Die Vorläufer heutiger Zoos, Aquarien, Planetarien, Technikmuseen und Science Center sind somit in spezifischen historischen Kontexten eines als ‚lang‘ verstandenen 19. Jahrhunderts zu verorten. Die Übung nähert sich diesen Institutionen aus wissens-, technik- und umweltgeschichtlicher Perspektive und bezieht zudem Ansätze der Human-Animal Studies sowie der Populärkulturforschung ein. Auf dieser Grundlage lassen sich Kontinuitäten und Veränderungen in den ambivalenten Konstellationen der Zurschaustellung eines Wissens über ‚die Natur‘ untersuchen. So waren gemeinverständliche Präsentationen naturwissenschaftlicher Erkenntnisse und Objekte stets verknüpft mit zeitgenössischer „Vergnügungskultur“ – und somit mit Fragen danach, welchen Schauwert und welche Möglichkeiten ‚zum Anfassen‘ oder gar zum eigenen Experimentieren diese bieten sollten bzw. durften. Sie waren also zutiefst verwoben mit Diskussionen über Möglichkeiten und Grenzen einer Popularisierung von (Natur-)Wissenschaft. Auch waren diese Stätten und Inszenierungen zwar Ausdruck eines Glaubens an wissenschaftliche Rationalität, jedoch keineswegs frei von Klassismus, Sexismus und Rassismus. Beispielsweise wurden in den Zoos des Deutschen Reichs um 1900 nicht nur Tiere, sondern im Rahmen sogenannter „Völkerschauen“ auch Menschen ausgestellt.
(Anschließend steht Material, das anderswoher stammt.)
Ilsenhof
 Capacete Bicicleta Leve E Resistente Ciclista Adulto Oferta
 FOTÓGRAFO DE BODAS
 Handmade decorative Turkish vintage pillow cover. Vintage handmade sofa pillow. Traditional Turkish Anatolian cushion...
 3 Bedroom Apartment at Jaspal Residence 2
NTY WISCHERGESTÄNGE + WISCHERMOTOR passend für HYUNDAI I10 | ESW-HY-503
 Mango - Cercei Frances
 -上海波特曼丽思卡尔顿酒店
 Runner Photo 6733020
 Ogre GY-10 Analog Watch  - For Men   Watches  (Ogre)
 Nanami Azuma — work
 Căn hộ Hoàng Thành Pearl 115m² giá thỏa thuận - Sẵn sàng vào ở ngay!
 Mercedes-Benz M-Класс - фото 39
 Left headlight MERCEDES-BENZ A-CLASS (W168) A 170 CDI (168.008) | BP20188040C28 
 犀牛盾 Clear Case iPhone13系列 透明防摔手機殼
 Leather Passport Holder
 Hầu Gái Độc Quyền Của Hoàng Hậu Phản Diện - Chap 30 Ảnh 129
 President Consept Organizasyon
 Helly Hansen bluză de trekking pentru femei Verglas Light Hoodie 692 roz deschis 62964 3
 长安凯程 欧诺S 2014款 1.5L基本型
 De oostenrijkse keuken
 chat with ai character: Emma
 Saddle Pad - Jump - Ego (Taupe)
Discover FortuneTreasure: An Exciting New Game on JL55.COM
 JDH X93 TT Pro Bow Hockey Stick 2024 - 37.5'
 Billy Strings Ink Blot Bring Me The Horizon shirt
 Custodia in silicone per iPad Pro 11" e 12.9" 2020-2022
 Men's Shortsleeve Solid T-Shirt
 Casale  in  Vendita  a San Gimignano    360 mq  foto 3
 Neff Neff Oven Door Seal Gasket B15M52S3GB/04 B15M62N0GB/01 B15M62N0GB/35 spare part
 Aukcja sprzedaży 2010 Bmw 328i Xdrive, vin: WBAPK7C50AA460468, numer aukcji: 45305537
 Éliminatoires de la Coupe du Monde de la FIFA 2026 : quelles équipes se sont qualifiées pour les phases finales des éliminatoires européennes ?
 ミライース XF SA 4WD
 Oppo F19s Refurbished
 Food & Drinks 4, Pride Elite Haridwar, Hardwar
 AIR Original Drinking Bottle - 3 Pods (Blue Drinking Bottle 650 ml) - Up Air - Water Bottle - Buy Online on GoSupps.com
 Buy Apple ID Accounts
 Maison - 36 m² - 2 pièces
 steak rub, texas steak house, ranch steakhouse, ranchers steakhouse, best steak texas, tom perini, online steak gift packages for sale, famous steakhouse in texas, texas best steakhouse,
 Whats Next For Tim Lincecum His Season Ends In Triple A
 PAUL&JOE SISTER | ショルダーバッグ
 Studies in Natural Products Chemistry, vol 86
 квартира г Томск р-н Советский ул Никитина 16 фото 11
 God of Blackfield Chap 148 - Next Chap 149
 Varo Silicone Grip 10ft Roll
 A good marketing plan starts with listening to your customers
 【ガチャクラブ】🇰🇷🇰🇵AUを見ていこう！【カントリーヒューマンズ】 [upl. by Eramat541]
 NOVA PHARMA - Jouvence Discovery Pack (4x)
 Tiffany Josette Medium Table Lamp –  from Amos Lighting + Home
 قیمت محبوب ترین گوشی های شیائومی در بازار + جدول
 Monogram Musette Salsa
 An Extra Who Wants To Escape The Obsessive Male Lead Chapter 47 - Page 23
Um Einblicke in gegenwärtige Formen astronomischer Wissenspopularisierung zu gewinnen, ist eine Exkursion in das Planetarium Bochum geplant.


Literaturauswahl:

  • Ahner, Helen: Planetarien. Wunder der Technik – Techniken des Wunderns. Göttingen 2023.
  • Baratay, Eric: Zoo. A History of Zoological Gardens in the West. London 2004.
  • Krieger, Annekathrin: Globales Wissen im Kaiserreich. Wie der Gorilla ins Naturkundemuseum kam. Bielefeld 2024.
  • Muka, Samantha: Oceans under Glass. Tank Craft and the Sciences of the Sea. Chicago 2022.
  • Rothfels, Nigel: Savages and Beasts. The Birth of the Modern Zoo. Baltimore 2002.
  • Vennen, Mareike: Das Aquarium: Praktiken, Techniken & Medien der Wissensproduktion 1840–1910. Göttingen 2018.
  • Wessely, Christina: Künstliche Tiere. Zoologische Gärten und urbane Moderne. Berlin 2008.